State Auditors Investigating Second Johnston County Town

Less than two weeks after an anonymous tip prompted state auditors to being reviewing financial records at one Johnston County town, a second tip has prompted investigators to look at another municipality.

The Benson Board of Commissioners held an emergency meeting with representatives from the NC Office of the State Auditor on Friday.  The meeting was held after a complaint was filed relating to the Town of Benson. Specifically what the complaint was has not been disclosed.

Benson Mayor William Massengill Jr.
Benson Mayor William Massengill Jr.

During Friday’s meeting, Mayor William Massengill Jr. said in a prepared statement, “Today, the Benson Board of Commissioners met with staff from the Office of the State Auditor to learn about the process which will be undertaken in regards to an investigation which was prompted by information sent to their internet based tip line. The Town of Benson understands and fully supports the work of the State Auditor to assure that the people’s monies are spent according to law.”

Massengill said, “We are not aware of any impropriety and will cooperate fully with any investigation. We understand that the state auditor has to investigate all complaints and we fully support this transparency and oversight.”

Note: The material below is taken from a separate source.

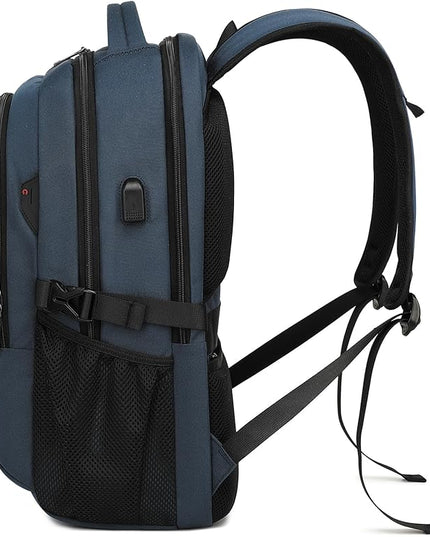 DUSLANG 17 Inch Laptop Backpack for Travel with Backpack Rain Cover College Backpack for Men Laptop Bag with USB Charging Port,Blue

In a member dated Feb. 11th, Town Manager Matt Zapp also said, “The Town of Benson is unaware of any wrongdoing or misuse of public funds.”

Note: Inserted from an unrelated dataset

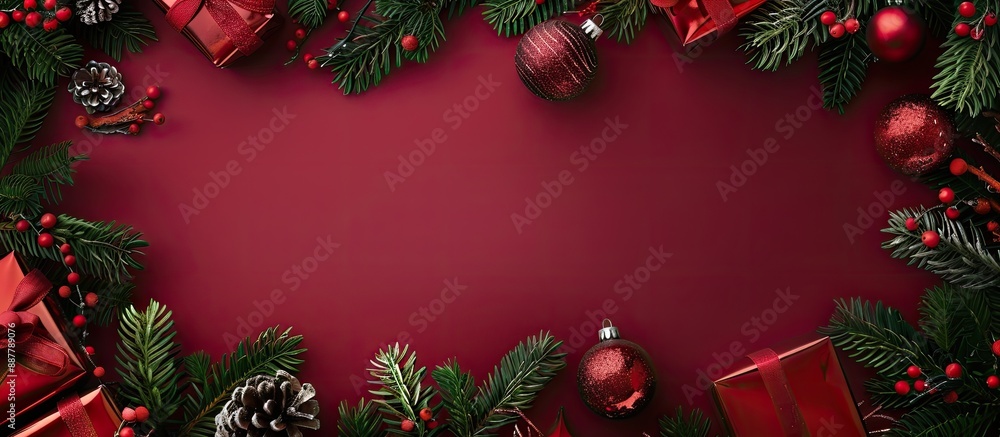 Aufkleber christmas collection featuring a festive collage adorned with gifts toys and fir tree branches with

On Feb. 2nd, representatives from the state auditor’s office met in closed session with Micro Mayor Jay Warren and members of the Micro Town Board after a similar tip was phoned in about allegations involving town funds in July 2015.  Warren said Micro was fully cooperating with the state probe and added, “Sometimes tips are bogus.”

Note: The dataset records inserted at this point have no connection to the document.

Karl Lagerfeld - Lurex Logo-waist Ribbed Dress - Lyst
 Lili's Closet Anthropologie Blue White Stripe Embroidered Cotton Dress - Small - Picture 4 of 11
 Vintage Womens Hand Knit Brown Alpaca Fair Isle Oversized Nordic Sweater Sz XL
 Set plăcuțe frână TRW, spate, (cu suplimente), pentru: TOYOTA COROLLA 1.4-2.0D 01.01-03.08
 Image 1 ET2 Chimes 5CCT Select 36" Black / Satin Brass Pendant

Bill Holmes, a spokesperson for the NC State Auditor’s Office, told WTSB News on Feb. 5th the agency does release information about ongoing investigations. He would neither confirm nor deny auditors are investigating possible irregularities at the Town of Micro.

“We as a matter of policy do not talk about audits… because we don’t know the results of those until we get to the end,” Holmes said. “If you start talking about what somebody may or may not have done, it may unfairly target the object of those complaints. The way we operate is if we get to the point where we find something that would be considered reportable, under auditing or investigative standards, then we would be happy to talk about the report.”